Les expériences précédentes ont montré que seules deux informations sont nécessaires pour localiser une affordance dans l'espace : l'interaction qui permet de s'en rapprocher le plus, et une estimation de sa distance. J'ai donc développé une structure capable de détecter les affordances distantes, de les stocker et de les suivre lors des déplacements de l'agent, sous la forme de couples (interaction;distance).
La première étape consiste donc à détecter les affordances distantes à partir des signatures d'interactions construites par l'agent. On utilise ici une propriété liée aux signatures : en effet, une signature désigne des contextes d'interactions caractérisant une affordance. Or, ces interactions peuvent avoir leur propre signature. Ainsi, en remplaçant le contenu d'une signature S d'une interaction i par la somme des signatures des interactions désignées par S et liées à une même interaction primaire j, on obtient une signature caractérisant un contexte, qui, après énaction de j, permet d'énacter i.

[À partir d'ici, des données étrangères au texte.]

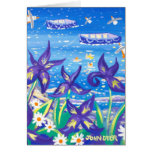 Art Card: Iris Blue cards
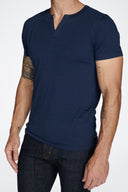 Men's Tri-Blend Cross V-Neck Tee - view 12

Comme cette opération peut être appliquée récursivement, il est possible de "rétropropager" le contexte interactionnel affordant une interaction par une séquence d'interactions. On peut alors considérer que la position d'une instance d'objet peut être caractérisée par la séquence d'interaction qui permet de l'atteindre. Notons que si plusieurs séquences permettent de l'atteindre, on ne considérera que la séquence la plus courte. De même, si un objet peut être interagi depuis plusieurs positions, on ne considérera que la position la plus proche (interactionnellement parlant). Ces séquences portent les deux informations dont nous avons besoin : l'interaction permettant un rapprochement maximal est donné par la première interaction de la séquence (puisque c'est le premier "pas" du chemin le plus court), et la distance, caractérisée par la longueur de la séquence, en nombre d'interactions. Ainsi, ce principe définit une forte corrélation entre la notion de distance et les possibilités d'interaction de l'agent.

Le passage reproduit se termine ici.